Salon dolu değildi. Cem Karaca'yı tanıyan ve onun şarkılarını dinleyen insan sayısındaki  azalmayı tahmin etmek mümkün. Yine de  izleyiciler güzel insanlardı. Sessiz sakin izledik. Biraz ağladık. Bizim de gözyaşlarımız vardı filmin ismine taşınan Cem Karaca'nın Gözyaşları gibi. 

Sabah hatırladım, ben Cem Karaca'yı çok eskiden rüyasında görmüş biriydim. 

Filmin en başarılı taraflarından biri şarkılara boğulmamış olması. Bir müzisyenin hayatı anlatılıyor ve çok sayıda şarkısının filmi süslemesi beklenebilirdi. Ama öyle yapılmamış ve bu kanımca çok yerinde olmuş. 

Cem Karaca'yı oynayan sanatçı, Cem Karacaya çok benzemese de hal, hareket ve duruşunu çok özümsemiş ve güzel oynuyor. Şarkıları Cem karaca mı okuyor, film sanatçısı mı okuyor, ancak Cem Karaca'yı  iyi dinleyenler ayırt edebilir. 

Toto Karaca yani Cem Karaca'nın annesini oynayan sanatçımız da çok başarılı. Babasını oynayan sanatçımız da çok başarılı. Emrah Karaca'yı oynayan çocuklar da çok iyi. Hatta biraz büyümüş olarak babası için vatan haini ithamında bulunan çocuklara karşı duruşunda  çok gerçek bir karşı duruş yaşatıyor.

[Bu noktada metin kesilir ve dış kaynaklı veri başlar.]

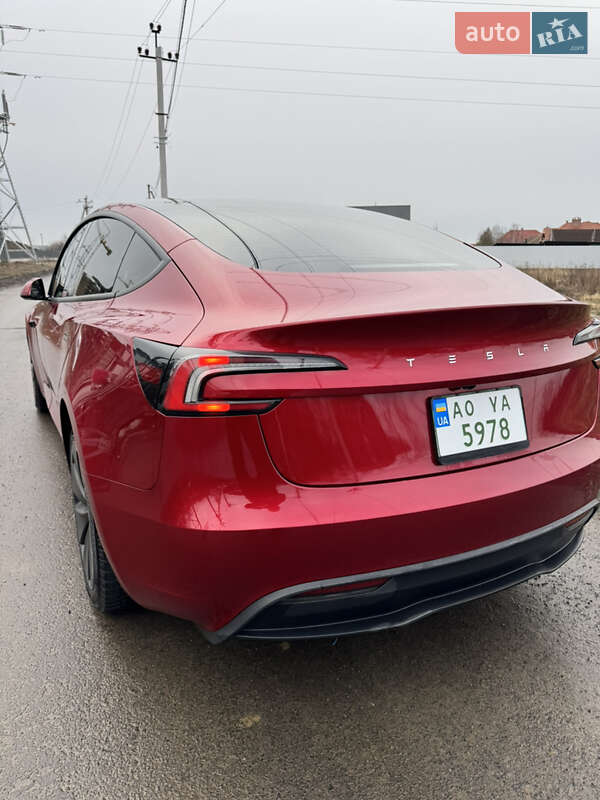 Седан Tesla Model 3 2024 в Ужгороде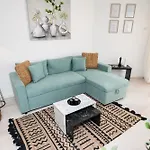 Lazuli & Pool 501 Apartment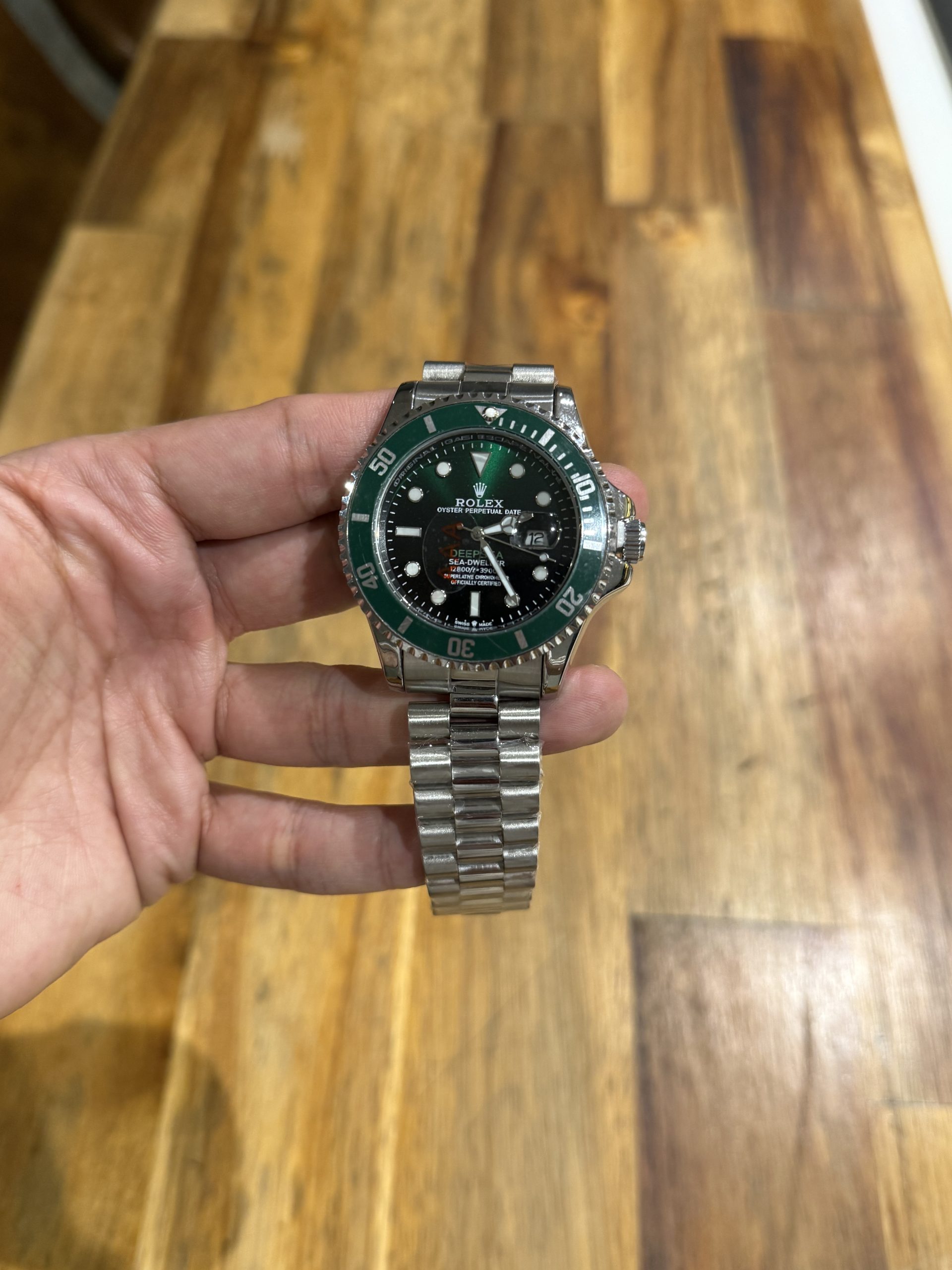 Rolex Submariner Date model 116610LV 2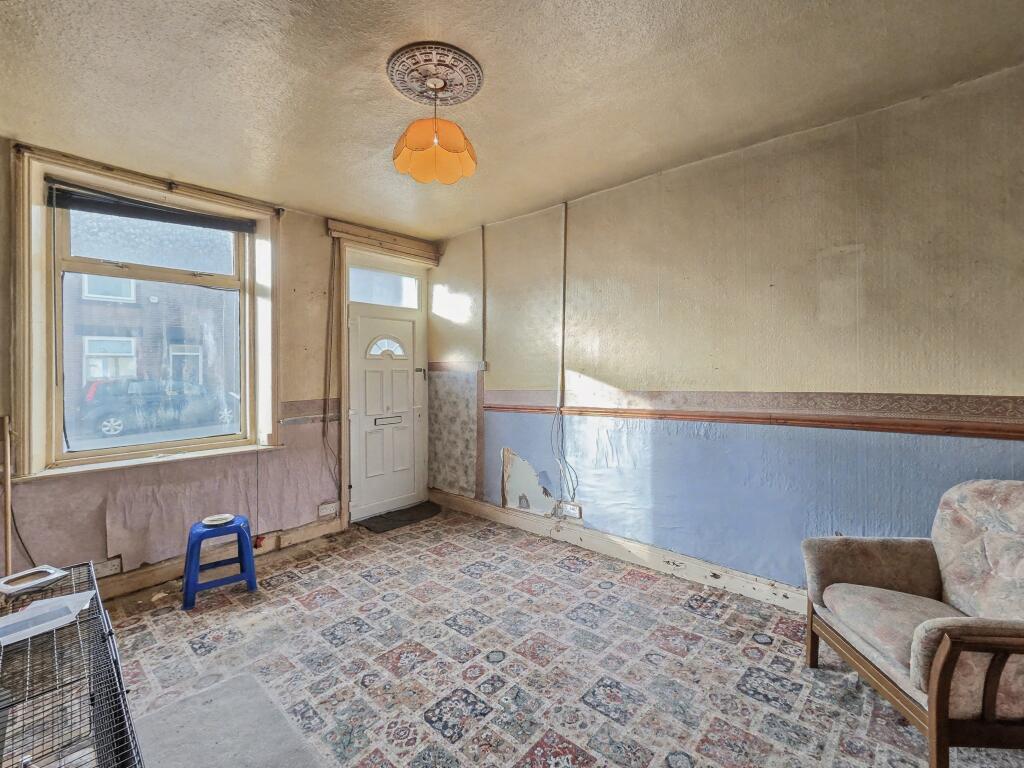 20251212052438 20251211 120044 1C5Nv T202512121139.jpg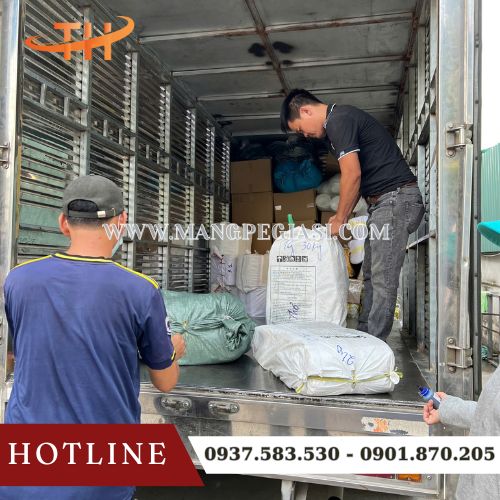 Hoạt động giao băng keo các loại mỗi ngày cho khách của nhân viên Thu Hồng Hoạt động giao băng keo các loại mỗi ngày cho khách của nhân viên Thu Hồng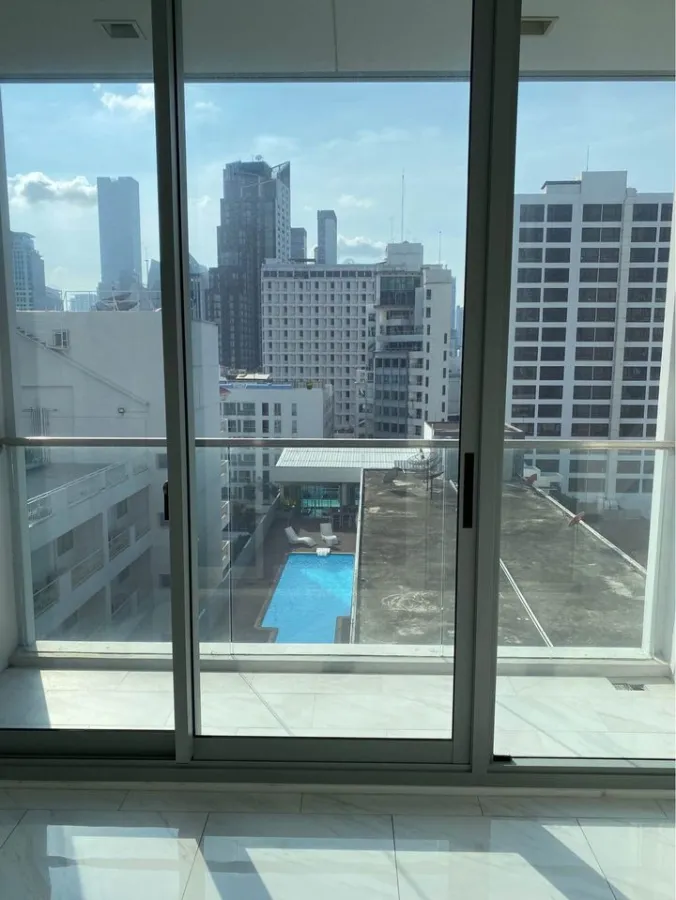 Urgent sale, Condo Hyde Sukhumvit 11, spacious room. Lots of usable space Come be the owner here.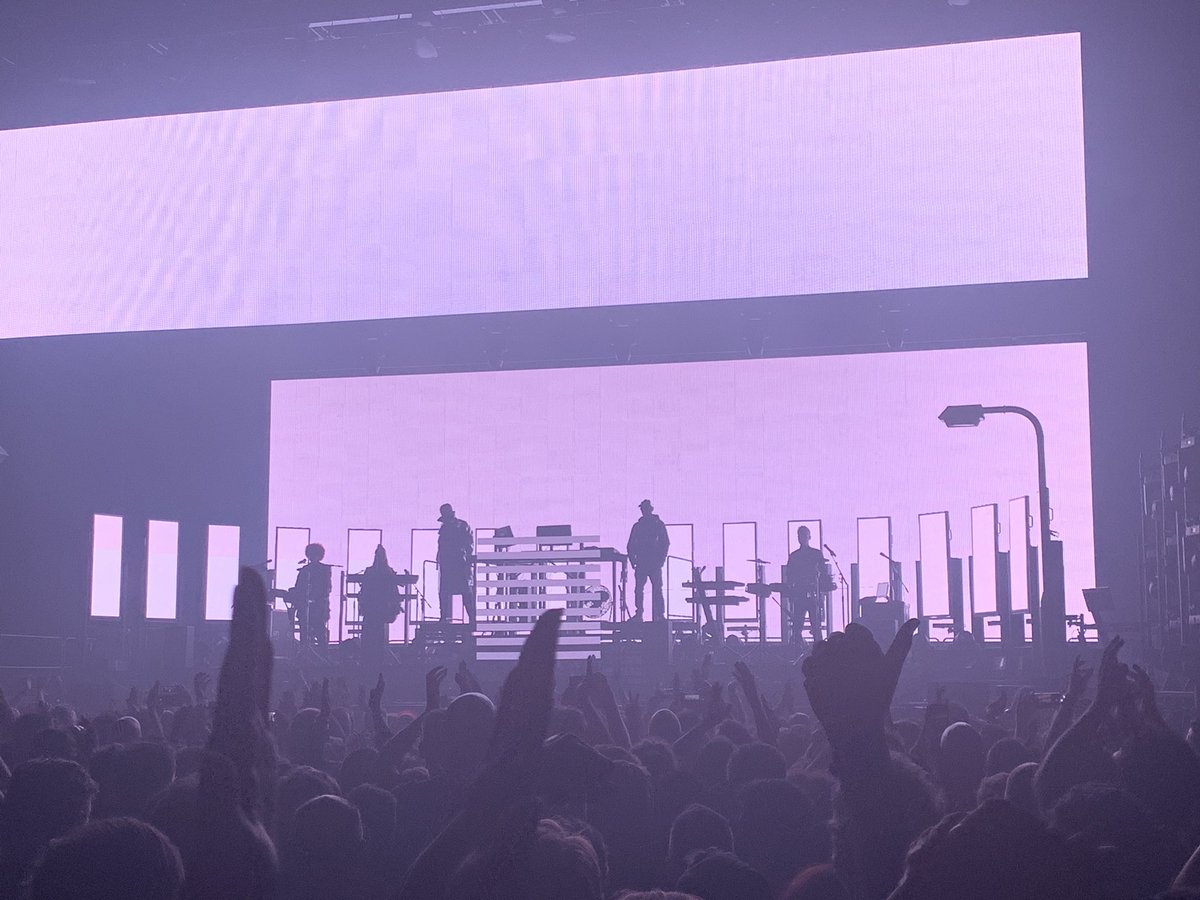 PJvanSchalkwijk's tweet photo. Vandaag nagenieten van het werkelijk geniale concert van de Pet Shop Boys. Wat een helden! Wat een muziek! #PetShopBoys https://t.co/3Qzwd47Van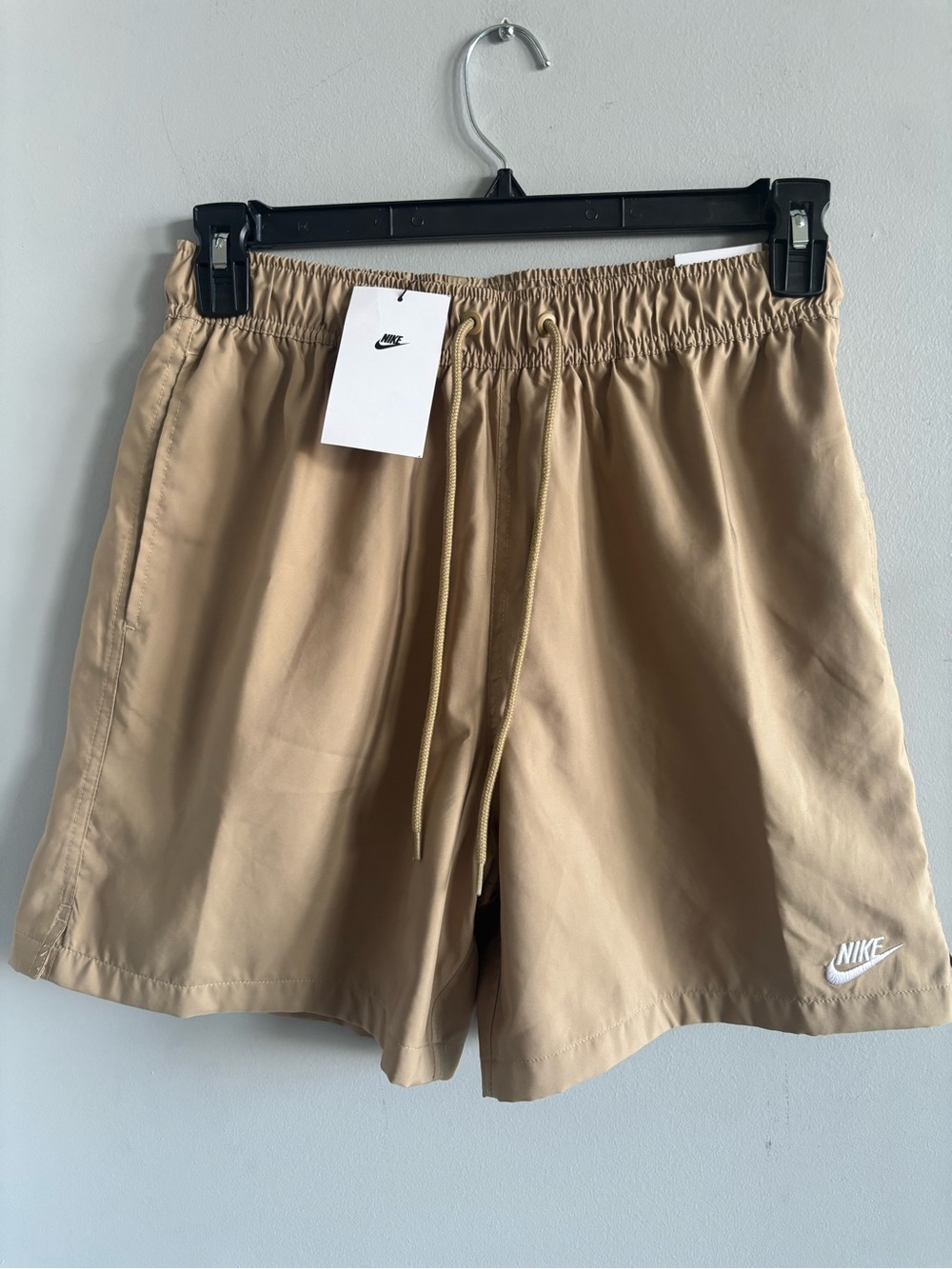 NWT Nike Club Men's Woven Flow Shorts - Parachute Beige - Size S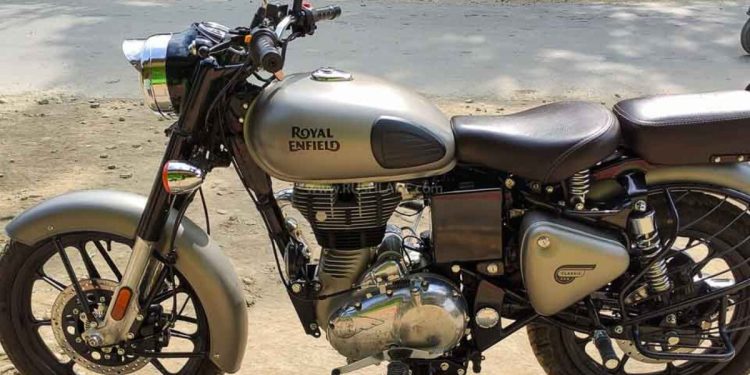 Jawa 42 293cc, ਸਿੰਗਲ ਸਿਲੰਡਰ, ਏਅਰ ਕੂਲਡ ਇੰਜਣ ਹੈ। ਰਾਇਲ ਐਨਫੀਲਡ ਕਲਾਸਿਕ 350 ਦੇ ਮੁਕਾਬਲੇ ਇਸ ਦਾ ਇੰਜਣ ਛੋਟਾ ਹੈ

Cem Karaca'nın siidisini bana 30 sene kadar önce Emin abi hediye etmişti. Onu aradım filimden sonra teşekkür ettim. Filme gitmesini tavsiye ettim. Siidi hala elimde. 

Böyle bir film yapmayı düşünen onu gerçekleştiren insanlara  da teşekkür etmek isterim. 

Cem Karaca'nın hayatı yanında kendi doktorluğum etrafında dönen dolapların çirkinliği  ile utandım. 

Belki Cem Karaca babasının sözünü dinlemeyi deneseydi her şey farklı olabilirdi. Ama  o Cem Karaca  olacaktı  o gidişle. Barış Manço'nun bir röportajında söylediği gibi o da bir amaçla bu dünyaya gelmişti. Onun peşindeydi. 

Film dolayısıyla sadece şarkılarını tanıdığım Cem Karaca'nın hayat hikayesini de öğrenmiş olmak beni çok mutlu etti.  İçime bir hüzün düşse de tavsiye ederim gidin ve izleyin lütfen. 

Böylece Emrah Karaca olmanın zorluklarını da, Cem Karaca'nın eşi olmanın zorluklarını da anlayabilir insan. 

Aslında son derece normal ve sıradan bir insanın sadece yaptığı müzikle çok aykırı bir insanmış da başına belalar davet etmiş gibi bir çatışmaya şahit olmak üzücü. Ama bu dünyanın her yerinde böyle. Japonya'da da böyle. Kaabe isimli filmi izlerseniz orada da aynı hikayeye denk gelirsiniz. 

Cem Karaca için çok şey söylenebilir ancak benim anladığım şu ki o, özgür bir kafa ve sevgi dolu bir kalbe sahipmiş.